First and foremost, it is ALWAYS best to obtain permission from the land owner of private property before setting foot on their land, especially if you are going to be utilizing their land for something other than "passing through". As far as getting release, I would tend to believe KmH on this, as I don't have any experience in getting people to sign releases for photos, but I do have lots of experience in getting people to sign statements and the implications thereof. It's amazingly easy to get cooperation, because it's all in how you approach it and sell it. Be honest about it, appear professional and I bet you will get more cooperation than you think. If you just walk up to the door and say, "can I take pictures on your land, and here's a form I need you to sign so you can't sue me." You probably won't get many people to cooperate. But if you explain why you're taking the pictures, where they may appear in print, why you can only get the shot from their land, ect. you may be pleasantly surprised how often people will agree. 

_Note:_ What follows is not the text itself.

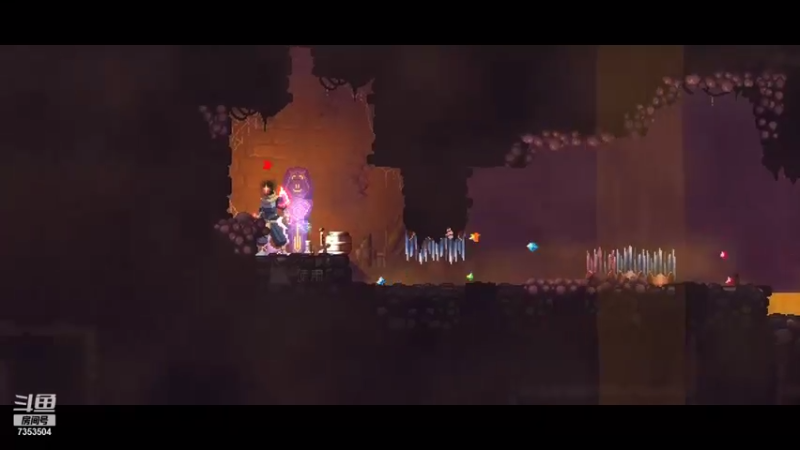 【2021-09-21 13点场】妮白miss：Apex下饭操作 7353504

I would also suggest you explain the release to them rather than just asking them to read it. Most people don't want to read the whole thing while you're standing there and it's human nature to feel uncomfortable standing in front of a complete stranger, possibly leading to a rash "no" decision. Think about the last time you signed a cell phone contract. Did you really read, or want to read every word. Granted some people might, but it's rare.

Next, even on private property, in order for trespassing laws to be enforced, one of two things has to be met. Either one, the property is posted no trespassing in accordance with their local or state law, or two, the land owner or person with a vested interest in the property, such as a relative, tenant or employee, has told you you are not allowed on the property. If neither of those two are met, then all they can do is ask you to leave or have police escort you off the property and tell you not to return. Then, if you do return, you can be arrested/cited, ect. 

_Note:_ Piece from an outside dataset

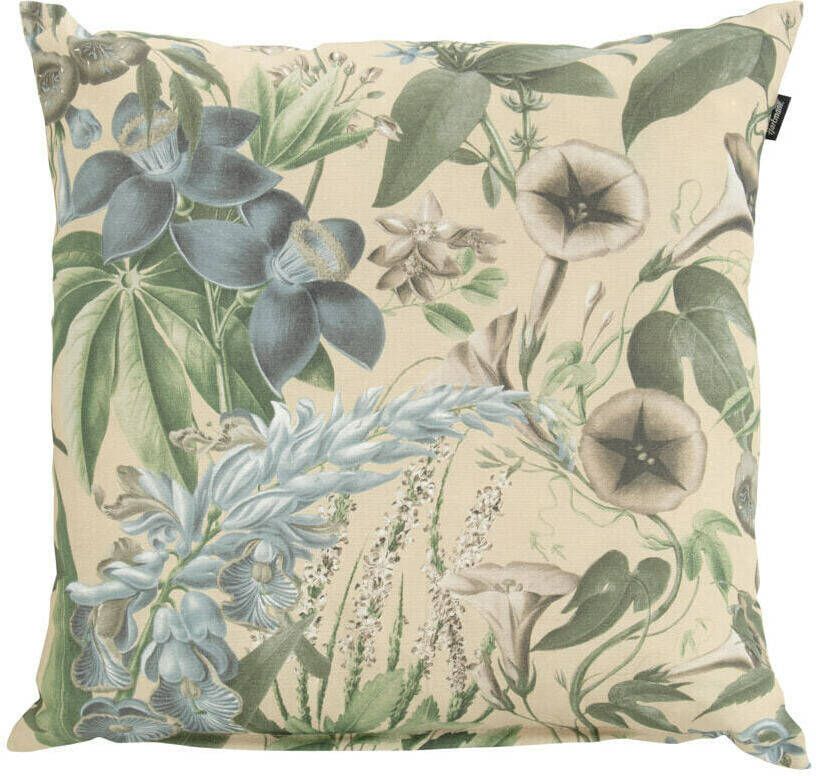 Hartman Tuinkussen 'Demi' 50 x 50cm, kleur Beige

I know I didn't really address the issue of civil liability with the photos, but the two are actually closely linked. A large part of civil liability lays in what is called "reasonable expectation of privacy". *If you are gaining something from a photo (ie, money, leverage, ect) which was obtained by violating someones reasonable expectation of privacy w/o consent, then they will likely have grounds to seek damages in court*. Even though they don't own the mountain, they could reasonably articulate you violated their expectation of privacy to get _that specific_ picture of it, and are profiting as a direct result. As a rule of thumb, people DO have a reasonable expectation of privacy against unauthorized entry on to their property. However, they would likely have to articulate the property was marked no trespassing or you had already been told, or it was reasonable for you to have known it was private property, ect. Which leads back to the above listed requirements for trespassing. How do you know if it's private property? Use common sense. Is it maintained? Are there structures on it? Is it fenced off or marked?

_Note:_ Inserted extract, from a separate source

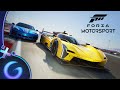 Forza motorsport  gameplay fr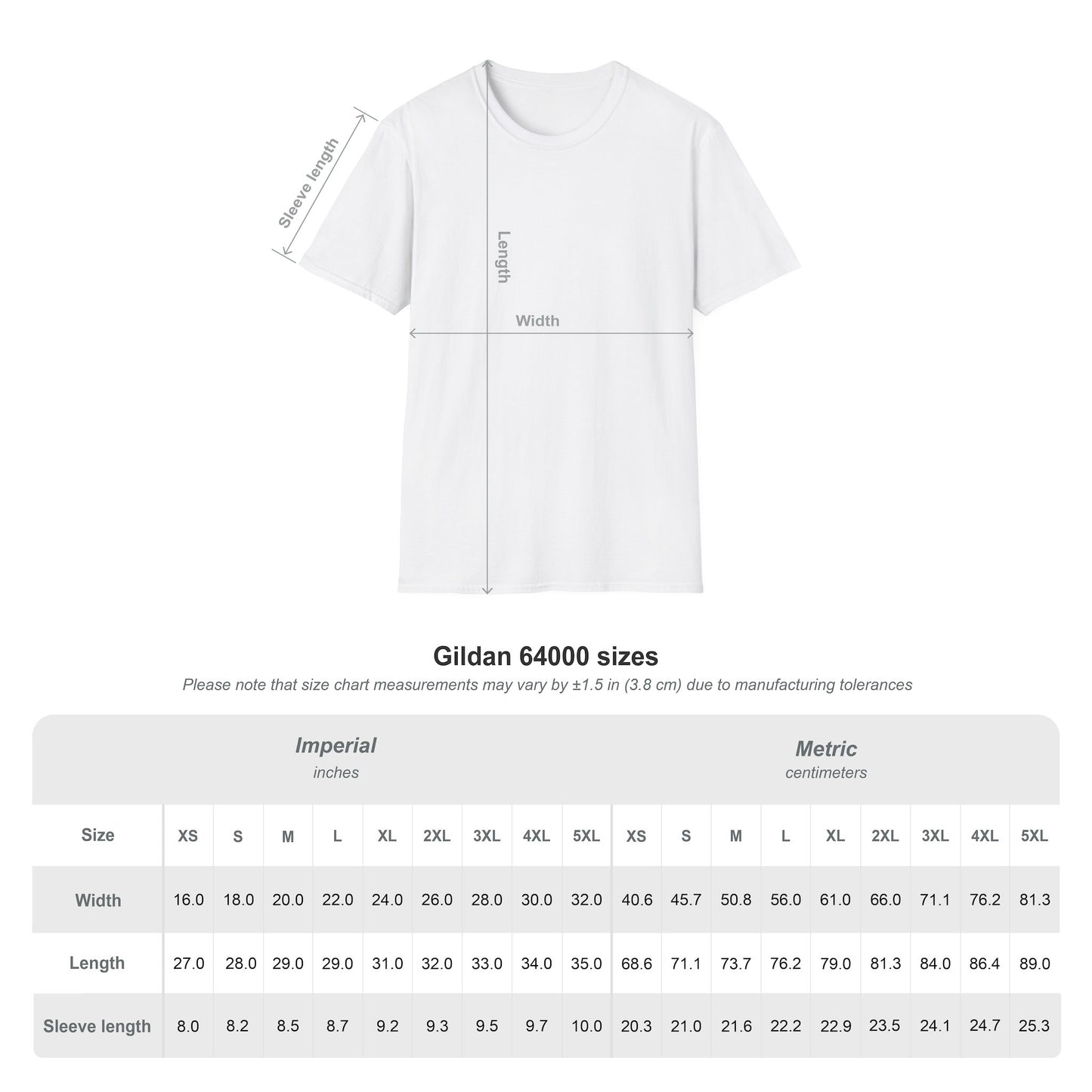 Jim Warren Cotton T-Shirt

Whew, and I'm just getting started! :chatty:

Now, those rules only apply if you are intending to stand on private property. There is a lot of case law out there that says peering on to or over private property is ok if you're doing so from public property. Unless someone has erected a barrier of some sort with the intention of keeping people from viewing their property they do not have an expectation of privacy on their property if viewed from public lands. If you're standing on the sidewalk and you want to take a picture of someones house, and you're not climbing a fence to do it, you're fine. Likewise, if you are trying to take a picture of the mountain on the other side of someones house, again, no problem. Now if you're peering into the window with a telephoto lens, then there's a problem. A similar rule applies to law enforcement. We can't use equipment that modifies the human senses (ie night vision, thermals, sound amplification equipment) to peer inside someones home w/o first obtaining a search warrant. Now, when explaining this I'm envisioning you standing on someone's remote farm field, as opposed to 6 feet from their bedroom window, so keep that in mind, too. That could have a lot of affect on the court of public opinion.  ***Also, the case law regarding what is a reasonable expectation of privacy is mostly federal case law, which means it applies to all states. However, there may be more restrictive laws in your municipality, so as always, consult your local law enforcement or municipal authority***

So, I hope that helps you, if only a little, to understand the complexities of privacy and why it helps to have that release!

Cliffs Notes:
If you're knowingly standing on private property, obtain permission to be there and get the signed release to protect yourself from civil liability.


----------